Эстетическая парадигма "последнего авангарда" формировалась в тесном сотрудничестве с гуманитарными науками: постструктурализмом Р. Барта, теориями Ж. Лакана, М. Фуко, Ж. Деррида. Недаром в подзаголовке журнала "Тель кель" фигурировали ключевые слова: "Лингвистика. Психоанализ. Литература". Эстетическое новаторство телькелевцев, обусловленное тотальным бунтом против идеологических штампов в политике, в социальной жизни, в искусстве, осмыслялось как акт, меняющий не только философско-эстетическую парадигму, но и разрушающий стереотипы сознания. Реализацией этого проекта в художественной практике становится разрушение когнитивной функции языка, замена смысловых связей законами звуковой гармонии.

Ф. Соллерс, отталкиваясь от бартовского концепта "произведение – знак", отвергающего референциальные коды, единство "означаемого" и "означающего", призывал "истребить все следы романа", как средства идеологического манипулирования, достичь "чистой формы" при помощи лингвистического эксперимента.

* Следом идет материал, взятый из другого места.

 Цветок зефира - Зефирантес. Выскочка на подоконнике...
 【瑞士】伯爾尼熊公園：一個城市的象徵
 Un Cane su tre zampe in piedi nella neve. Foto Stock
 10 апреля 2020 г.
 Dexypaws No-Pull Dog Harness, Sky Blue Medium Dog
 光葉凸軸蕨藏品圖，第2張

В его романах – "Драма" (1965), "Числа" (1968) – слова выстраиваются как "свободное от смысла течение, череда ускользающих высказываний, движение самого чтения". Основным объектом повествования становится акт рассказывания, "самопорождающегося текста", в котором уничтожается отношение пишущего к предмету письма, т.е. модальность. Текст превращается в обезличенную речь, демонстрируя разрушение атрибутов идеологического манипулирования – антропоцентризма и субъективизма. "Разрушается какая бы то ни было законченная книга, какой бы то ни был автор". Такая модель романа представляла, с точки зрения Соллерса и телькелевцев, революционную перестройку сознания и эстетических норм. Р. Барт, высоко оценивший эксперимент Соллерса – "здесь говорит само Повествование, оно обрело свои уста, а язык, избранный им, в высшей степени оригинален", – должен был признать, что ""Драму" способен читать только писатель".

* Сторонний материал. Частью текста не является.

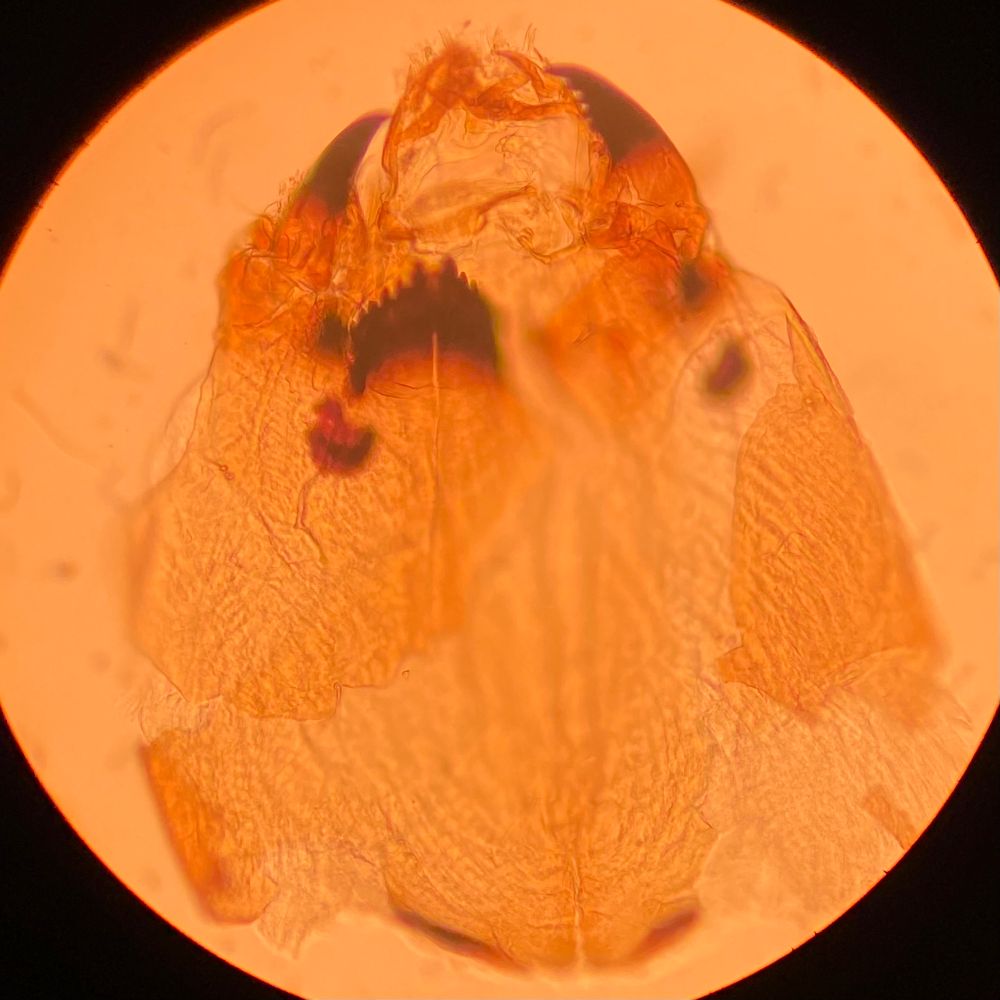 A picture of the head capsule of Brillia longifurca (Diptera, Chironomidae)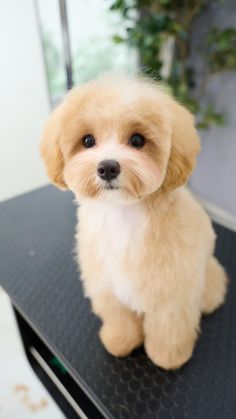 a small brown and white dog sitting on top of a black table next to a plant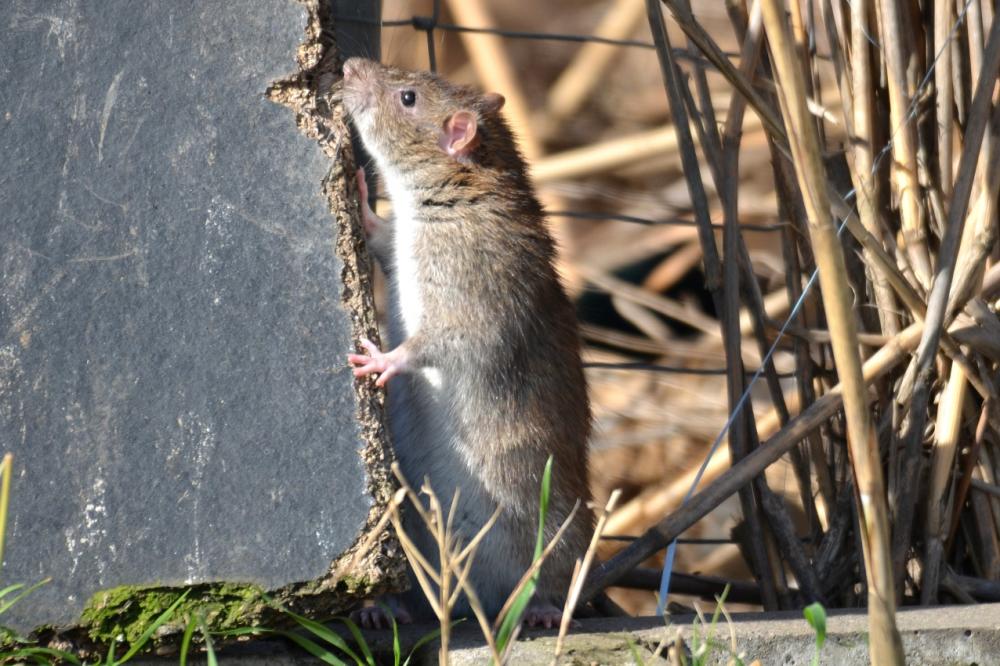 Rattus norvegicus (Berkenhout, 1769)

Подводя итоги творчества телькелевцев, французская газета "Литератюр" (1990, февраль) писала: "Несостоятельность экспериментальных поисков группы "Тель кель" обусловлена систематическим разрушением фантазии и вымысла, вместо которых читателю предлагают игры с формами". Общим местом становится утверждение о "смерти" романа. Группа "Тель кель" создала особую постструктуралистскую модель "литературы для писателей" , тем не менее во французской критике за ней прочно утвердилось определение "последнего авангарда".